Let's parse their anodyne, noncommittal, deeply outraged response, shall we? Actual lines from the press release (which is here) will be in bold, commentary in regular text.
It is regrettable
Translation: We wish you hadn't aired our dirty laundry.
that ProPublica and NPR have used the two-year anniversary (sigh) of Superstorm Sandy's landfall to paint a distorted and inaccurate picture of a Red Cross response that helped tens of thousands of people who urgently needed our services with hot meals, shelter, relief supplies and financial support.

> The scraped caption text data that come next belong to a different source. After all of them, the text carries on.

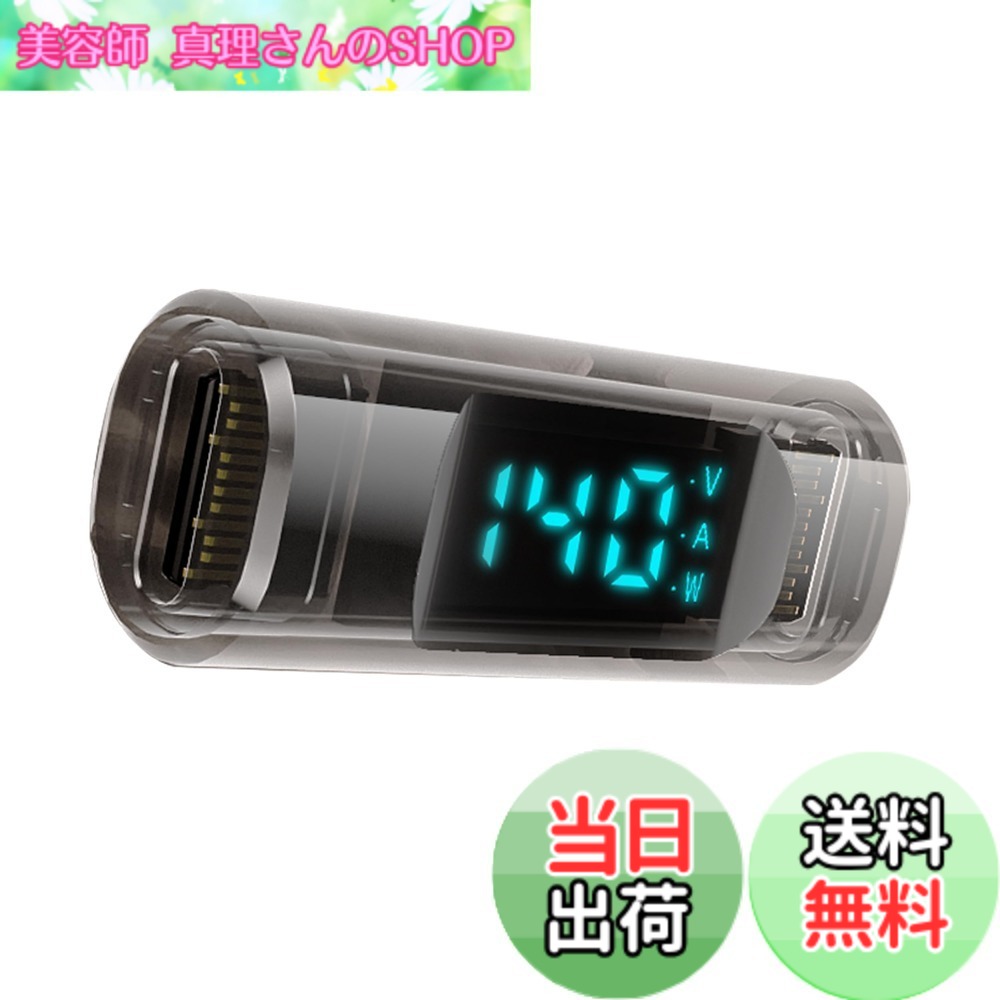 商品情報商品の説明【使用上の注意】Type-Cケーブルの伝送特性から、本製品は一方向にしか使用できません。誤って挿入すると、充電やデータ通信ができなくなります。解決方法：USBケーブルをUSB C to USB C変換コネクタから抜き、プラグを180度回転させてください。 当社は購入日より30日以内の無料返品処理、90日以内の交換を承っております。主な仕様 【使用上の注意】Type-Cケーブルの伝送特性から、本製品は一方向にしか使用できません。誤って挿入すると、充電やデータ通信ができなくなります。解決方法：USBケーブルをUSB C to USB C変換コネクタから抜き、プラグを180度回転させてください。【140W高速充電にバージョンアップ】異なるデバイスに応じて充電電力を自動調整し、Type Cデバイスを140W超高速充電までサポートすることが可能です。【40Gbpsの高速伝送】USB4.0は最大40GbpsのThunderbolt 3高速データ転送を実現します。これは、ファイル、ドキュメント、オーディオ、ビデオを数秒で高速転送します。注：40Gbpsは理論上の最大転送速度です。実際の速度はPC端末、ケーブル等の影響を受けます。実際の伝送速度をご確認ください。USB Type Cメス変換アダプタは、2本のUSB 4.0ケーブル（または2台のUSB 4.0デバイス）を簡単に接続して延長ケーブルとして使用できます。USB 3.0および2.0ポートとの下位互換性があります。【8K 60Hz HD映像信号伝送】8K@60Hzまたは4Kディスプレイを駆動するのに十分な帯域幅を持っています。【スマートリアルタイムデジタル表示】充電状態を一目で確認、リアルタイムで電流、電圧、及び電力をデジタルで表示。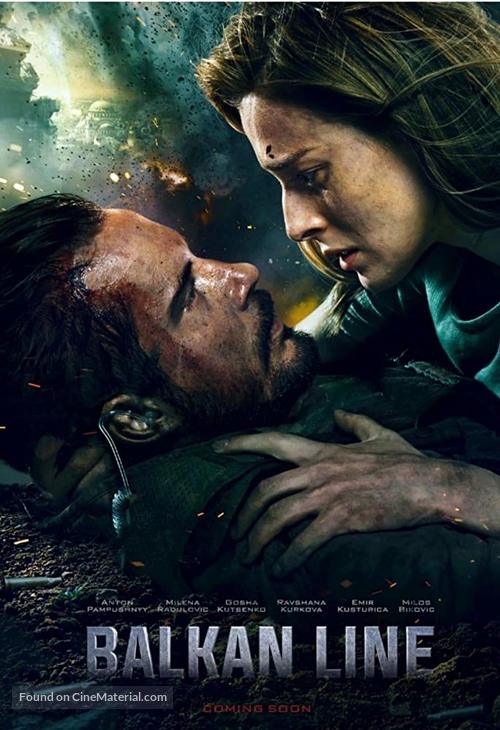Balkanskiy rubezh - Movie Poster
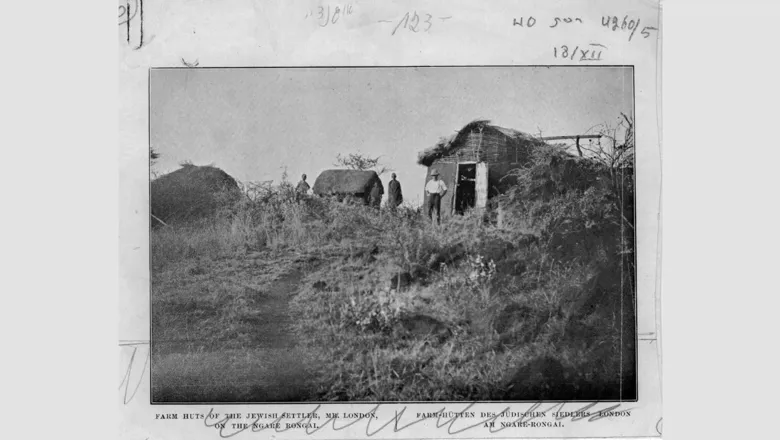 Nachum Wilbush in Uganda. Wilbush, 1904.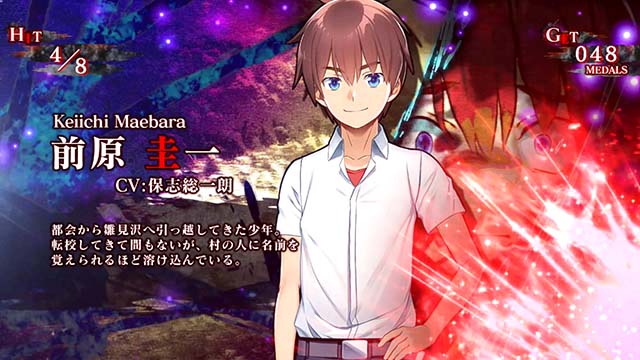 パチスロひぐらしのなく頃に祭2カケラ遊び編REG中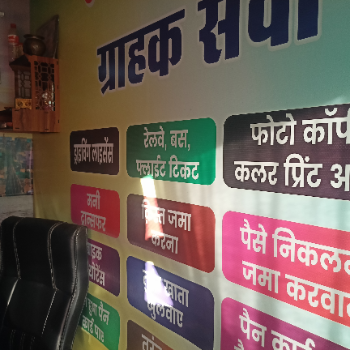  Online RAJNI ONLINE SERVICES AMBEDKAR WARD GAYTRI NAGAR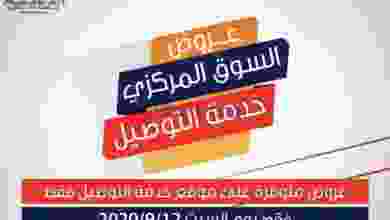 el3rod.com00001-464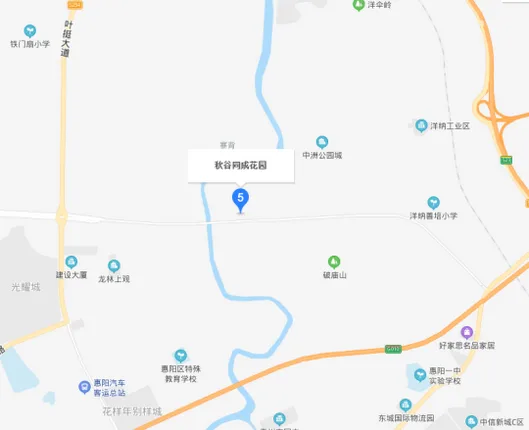 惠州市·惠阳·新行政区秋谷同成带装修122.2万起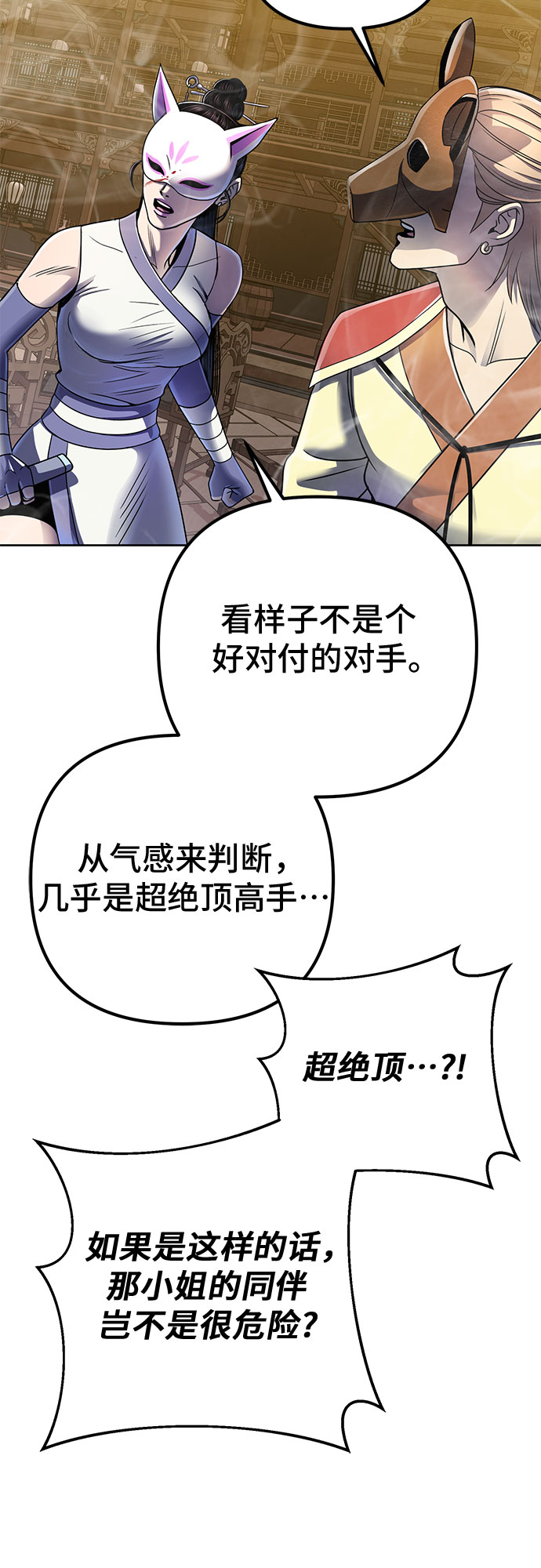 第24话22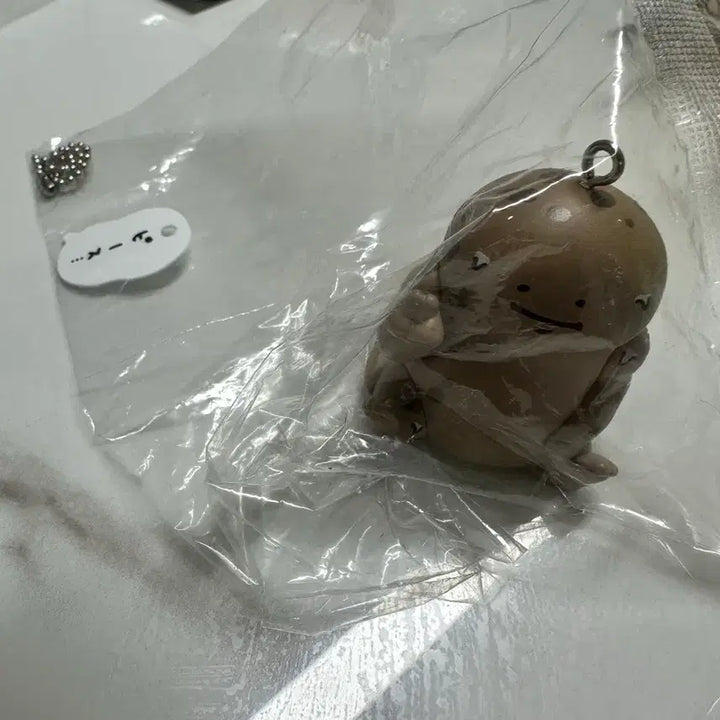 [BUNJANG] Chikawa Giant Salamander Keychain (Sealed) / [비닐미개봉] 치이카와 장수도롱뇽 판매합니다.
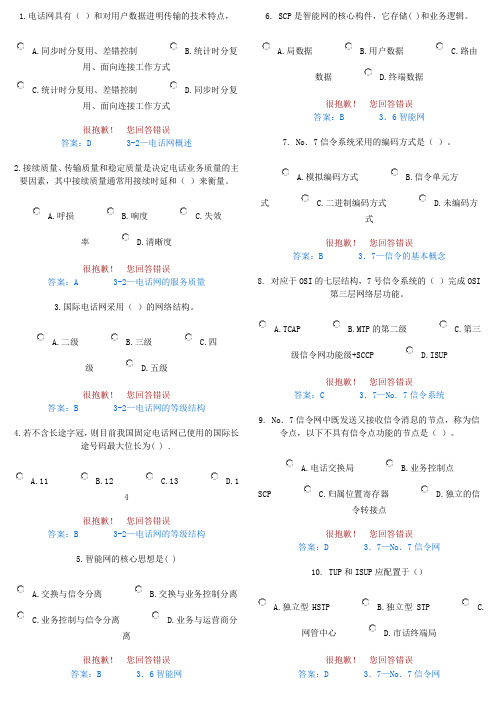综合能力中级1(答案)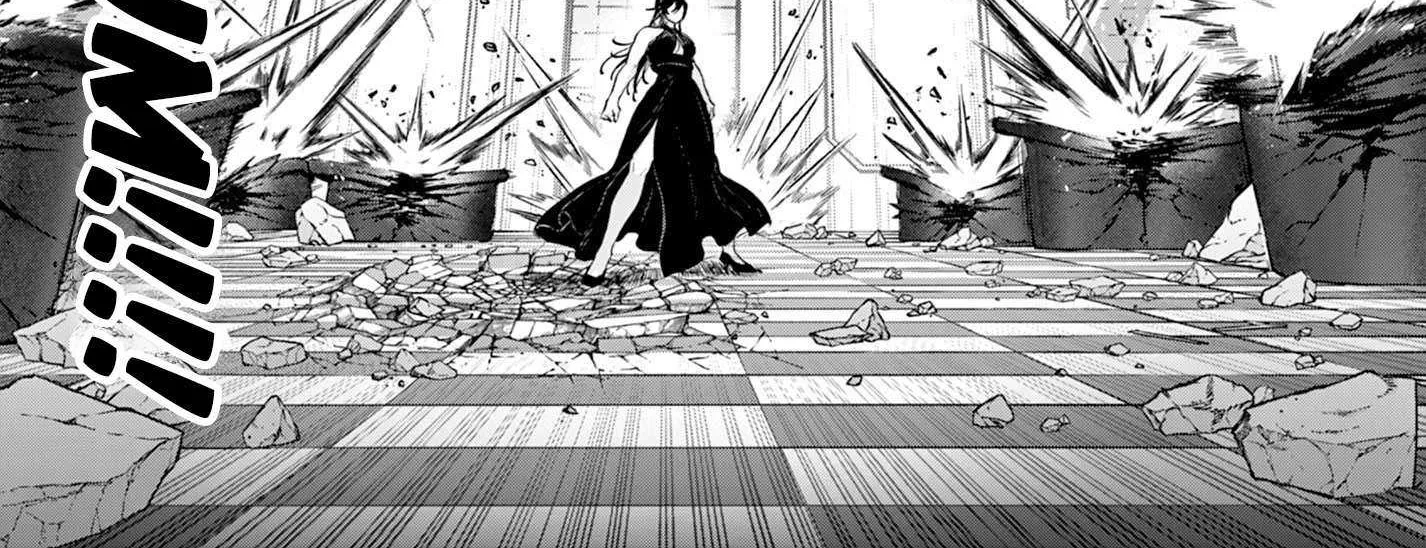 KaguRai: Kagura to Raito Chapter 19 page 17 - 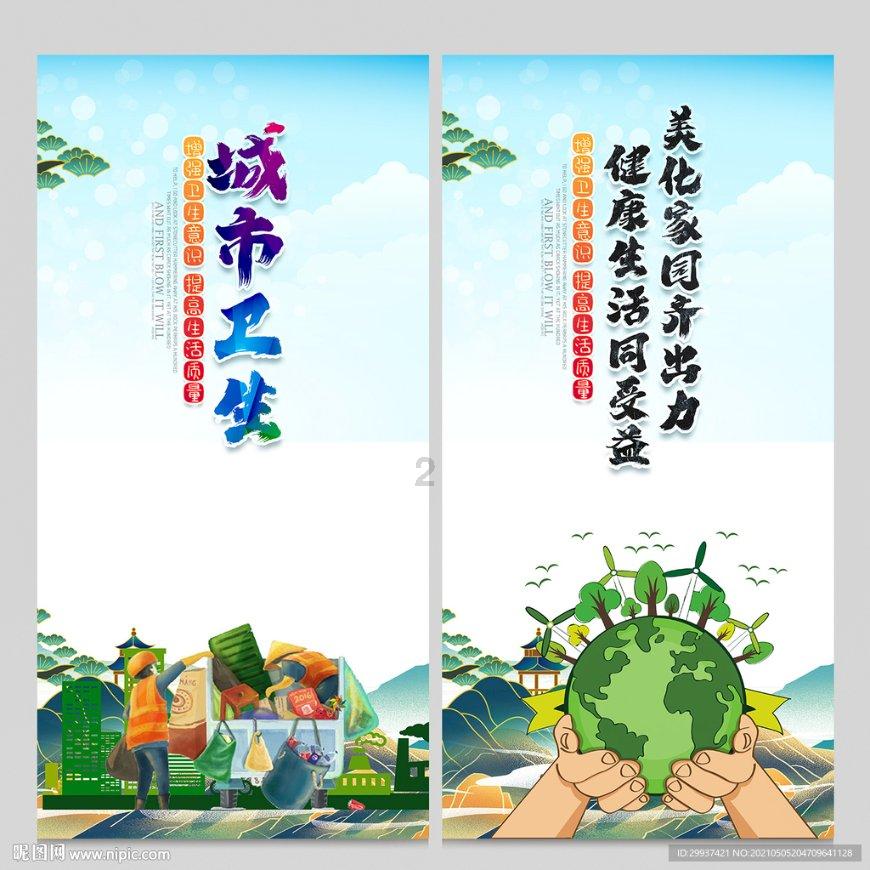 新倩女幽魂
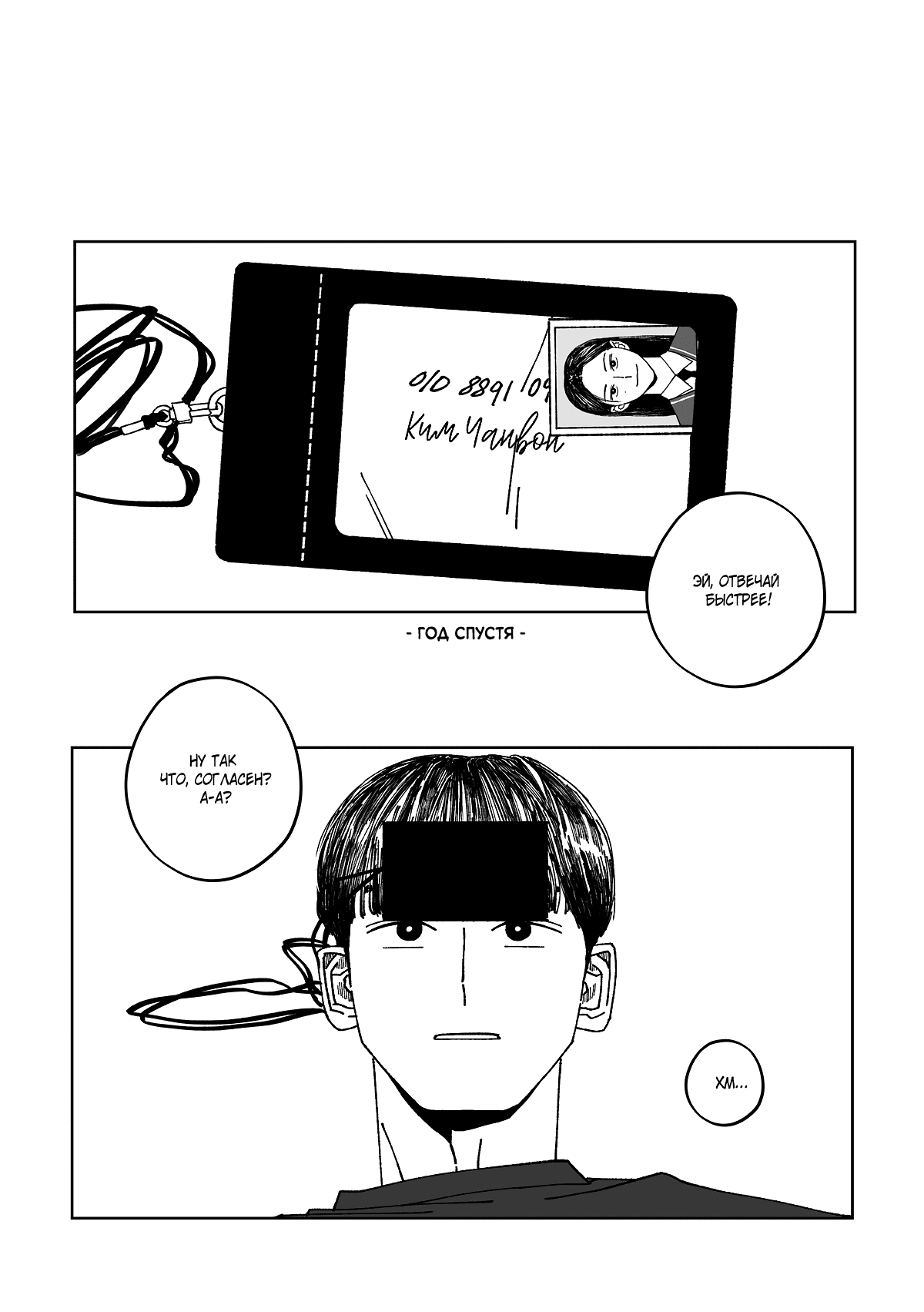 Манга Варигари - Глава 3 Страница 13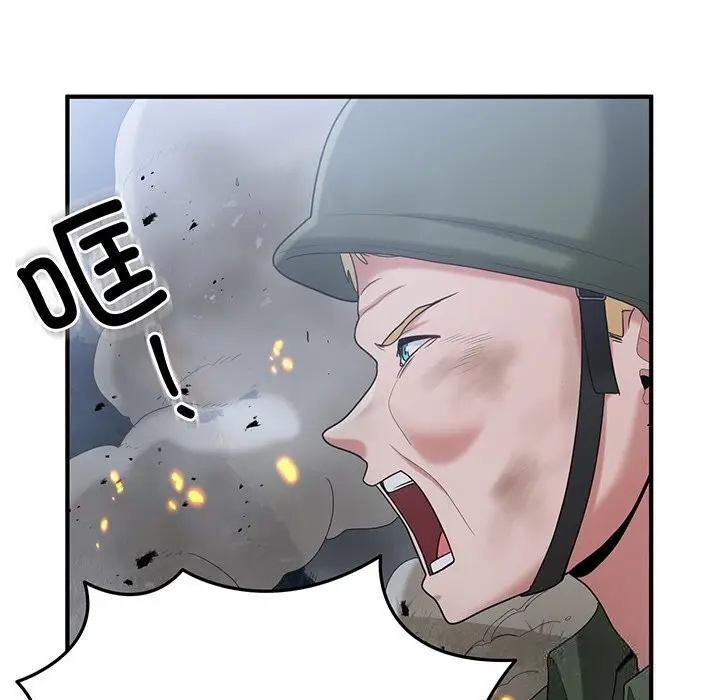 漫画《打脸的告白》第21话第8张图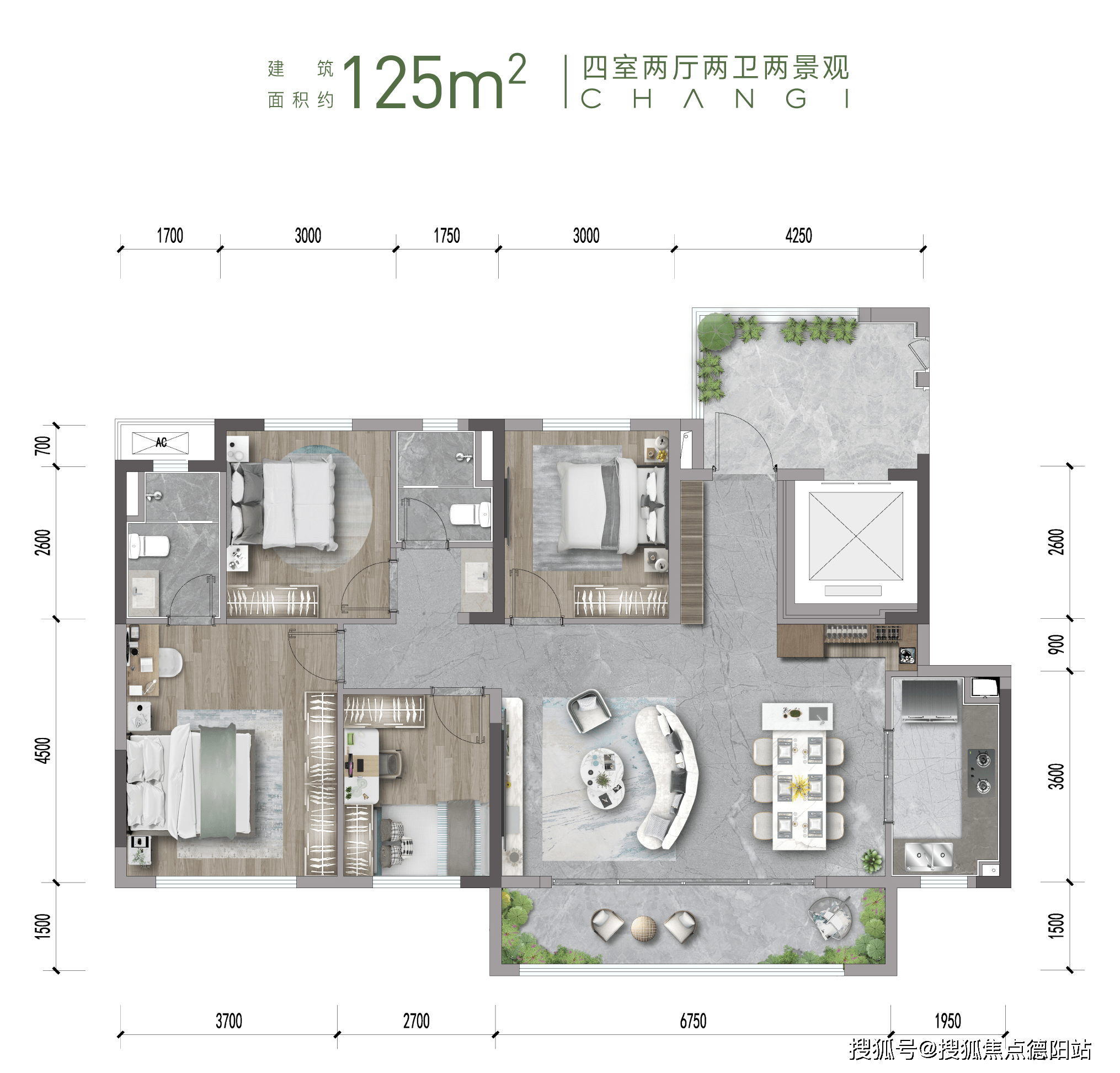 菁弘万科樟宜星光成都【售楼中心】-楼盘详情-成都房产首页网站_搜狐网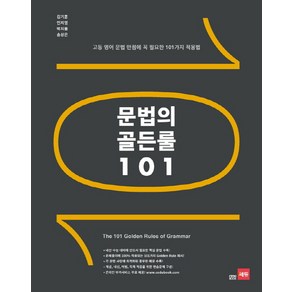 문법의 골든룰 101:고등 영어 문법 만점에 꼭 필요한 101가지 적용법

No doubt the Red Cross did indeed do this. ProPublica even mentions in its article that the Red Cross, when challenged, likes to throw out huge numbers of people it says it helped--and that shouldn't be discounted or underplayed. At the same time, doing a lot of things right does not obliterate the things they did very, very wrong--like allowing sex offenders into childrens' play areas, for example, or wasting 30% of available meals ostensibly for disaster survivors. Just because you did a lot of good is not a valid argument that you didn't also do some bad. It's more a PR shield than an actual response--note that their objection is to "the inaccurate picture" painted--and the Red Cross doesn't respond directly to most of the specific charges from ProPublica.
Our mission is to alleviate human suffering in the face of emergencies, and that alone is what guided our service delivery decisions during Sandy and during every emergency. [Italics theirs]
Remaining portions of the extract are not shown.